As I understand it, back when Simula and LISP were invented it was generally the case that loads and stores took 1 cycle and there were no CPU caches. These pointer-chasing languages and techniques really weren't technically bad for the computers of the time - it's just that we have a larger relative penalty for randomly accessing our Random Access Memory these days so locallity is important (hence data-oriented design, ECS, etc).
I am kind of amused they _removed_ first-class functions though!
Function arguments weren't actually first-class to begin with. In Algol 60 (of which Simula started as a superset), you could pass functions as arguments to other functions, but that's it - it wasn't a proper type so you couldn't return it, shove it into a variable, have an array of functions etc. Basically, it had just enough restrictions that you would never get up in a situation where you could possibly call a function for which the corresponding activation frame (i.e. locals) could be gone. But when Simula added classes and objects, now you could suddenly capture arguments in a way that allows them to outlive the callee.
I was in the game industry when we originally transitioned from C to C++, and here's my recollection of the conversations at the time, more or less.
In C++, inheritance of data is efficient because the memory layout of base class members stays the same in different derived classes, so fields don't cost any more to access.
And construction is (relatively fast, compared to alternatives) because setting a single vtable pointer is faster than filling in a bunch of variable fields.
And non-virtual functions were fast because, again, static memory layouts and access and inlining.
Virtual functions were a bit slower, but ultimately that just raised the larger question of when and where a codebase was using function pointers more broadly - virtual functions were just one way of corralling that issue.
And the fact that there were idiomatic ways to use classes in C++ without dynamically allocating memory was crucial to selling game developers on the idea, too.
So at least from my time when this was happening, the general sense was that, of all the ways OO could be implemented, C++ style OO seemed to be by far the most performant, for the concerns of game developers in the late 90's / early 2000's.
I've been out of the industry for a while, so I haven't followed the subsequent conversations since too closely. But I do think, even when I was there, the actual reality of OO class hierarchies were starting to rear their ugly heads. Giant base classes are indeed drastically bad for caches, for example, because they do tend to produce giant, bloated data structures. And deep class hierarchies turn out to be highly sub-optimal, in a lot of cases, for information hiding and evolving code bases (especially for game code, which was one of my specialties). As a practical matter, as you evolve code, you don't get the benefits of information hiding that were advertised on the tin (hence the current boosting of composition over inheritance). I think you can better, smart discussions about those issues in this thread, so I won't cover them.
But that was a snapshot of those early experiences - the specific ways C++ implemented inheritance for performance reasons were definitely, originally, much of the draw to game programmers.

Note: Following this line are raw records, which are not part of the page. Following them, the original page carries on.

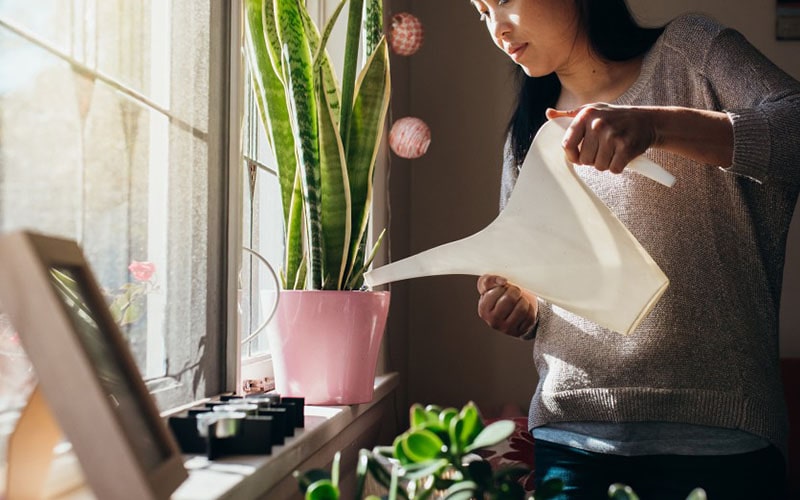 Watering plants 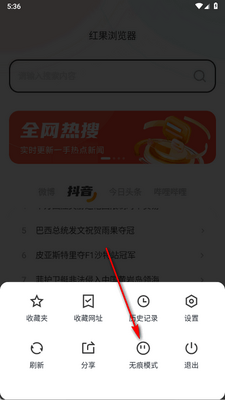 红果浏览器截图1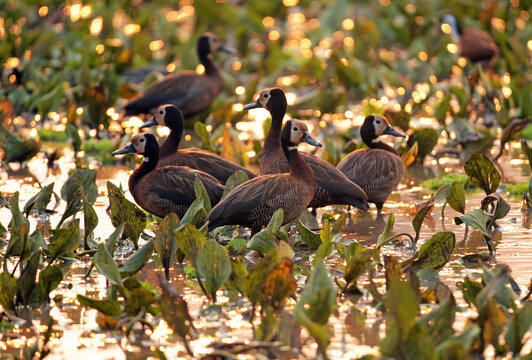 Witwenpfeifgans  im Gorongosa Nationalpark in Mosambik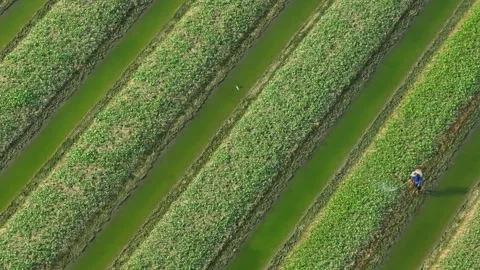 Capturing a worker spraying crops in neat rows. Stock Footage 306722230
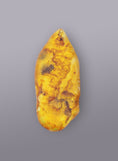 Load image into Gallery viewer, AUTHENTIC BALTIC AMBER SPECIMEN - WEIGHT 10 GR. - Baltic Secret
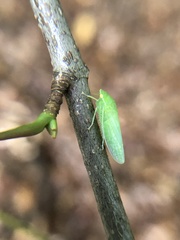 Draeculacephala robinsoni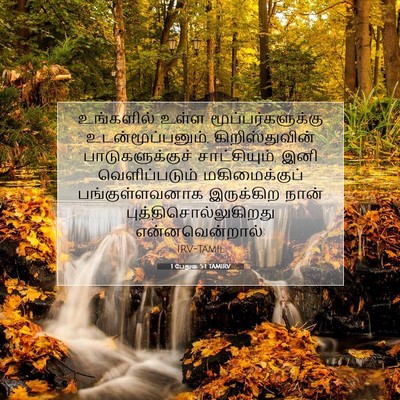 Picture 07 - 1 பேதுரு 5:1 TAMIRV - உங்களில் உள்ள - Bible Verse Picture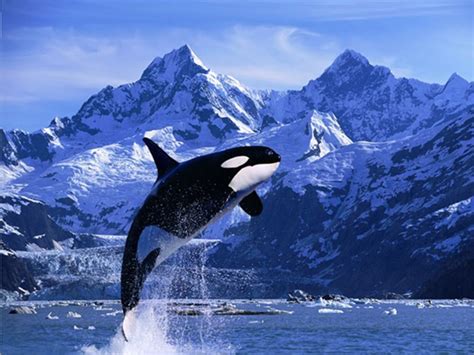 interesting facts  killer whales    orcas hubpages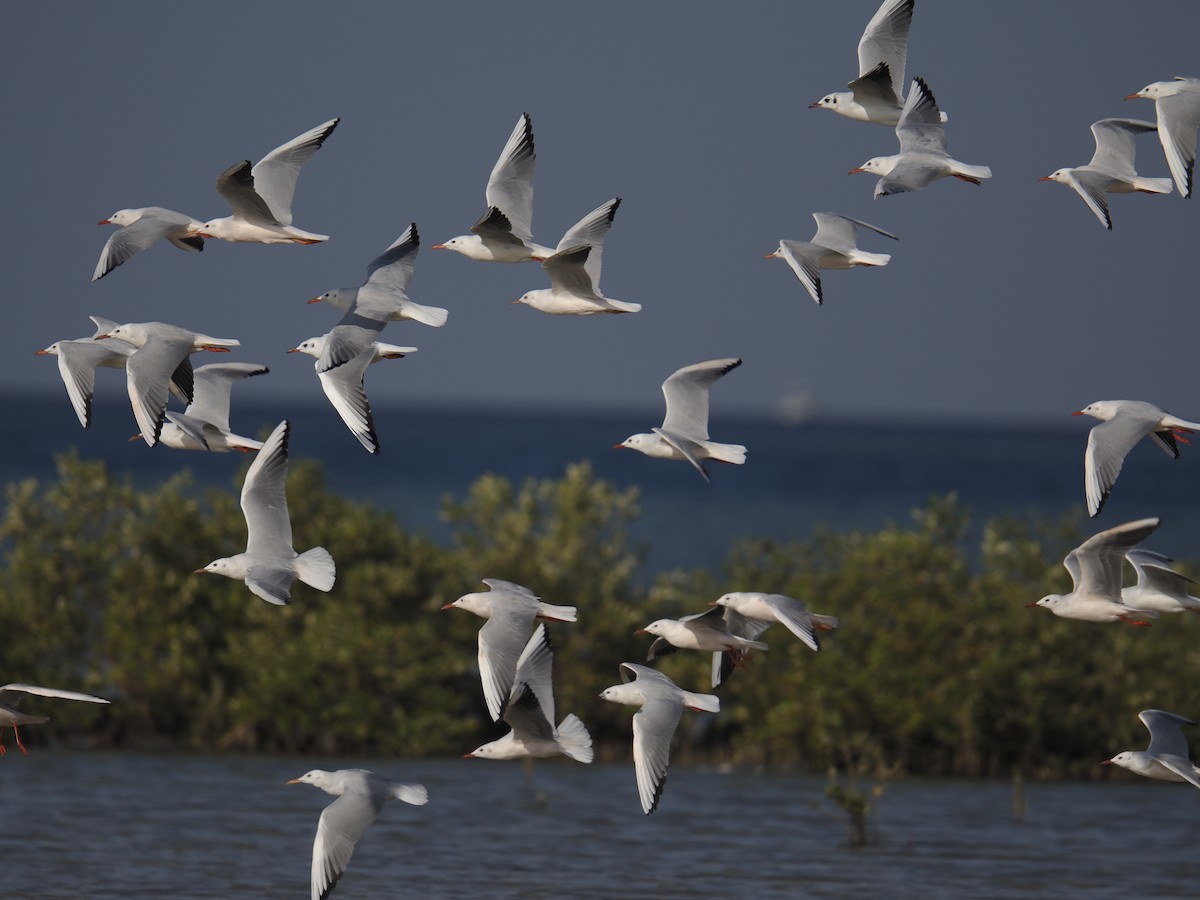 Slender-billed Gull - ML645945427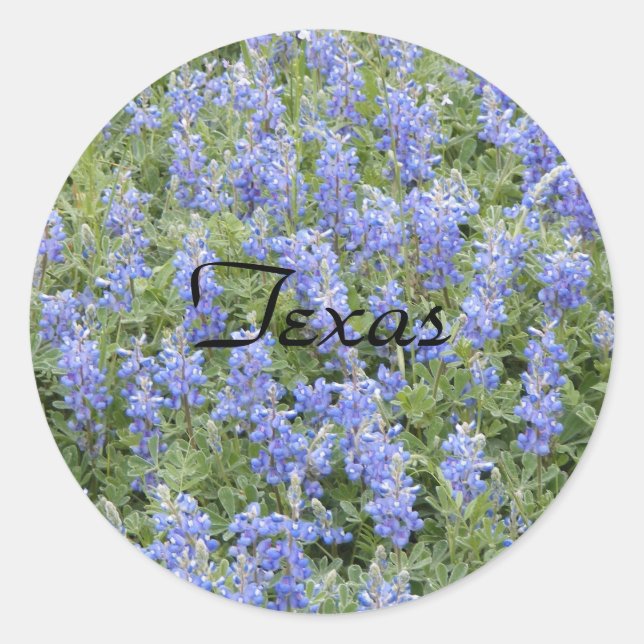 Texas Bluebonnet Aufkleber (Vorderseite)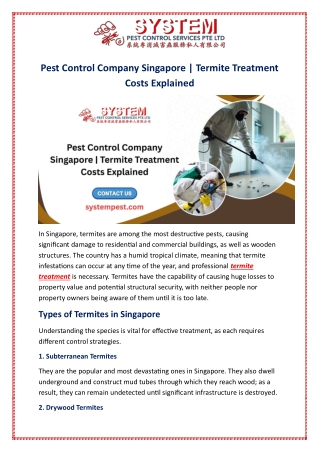 Pest Control Company Singapore | Termite Treatment Costs Explained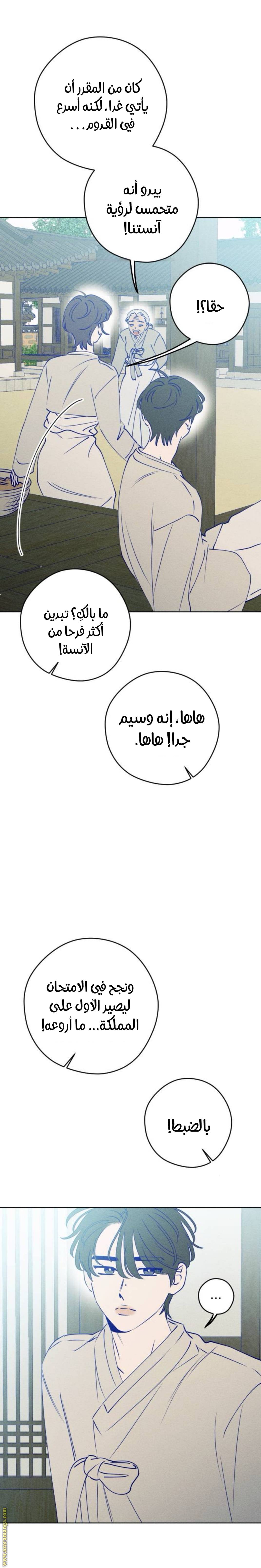 الصفحة 23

No, inheritance does not require additional address lookups. Single inheritance as discussed here doesn't even require additional address arithmetic; the address of the subclass instance is the same as the address of the superclass instance.
Yes, current GCs are very fast and do not suffer from the problems Simula's GC suffered from. Nevertheless, they do still have an easier time when you embed record A as a field of record B (roughly what inheritance achieves in this case) rather than putting a pointer to record A in record B. Allocation may not be any faster, because in either case the compiler can bump the nursery pointer just once (with a copying collector). Deallocation is maybe slightly faster, because with a copying collector, deallocation cost is sort of proportional to how much space you allocate, and the total size of record B is smaller with record A embedded in it than the total size of record A plus record B with a pointer linking them. (That's one pointer bigger.) But tracing gets much faster when there are no pointers to trace.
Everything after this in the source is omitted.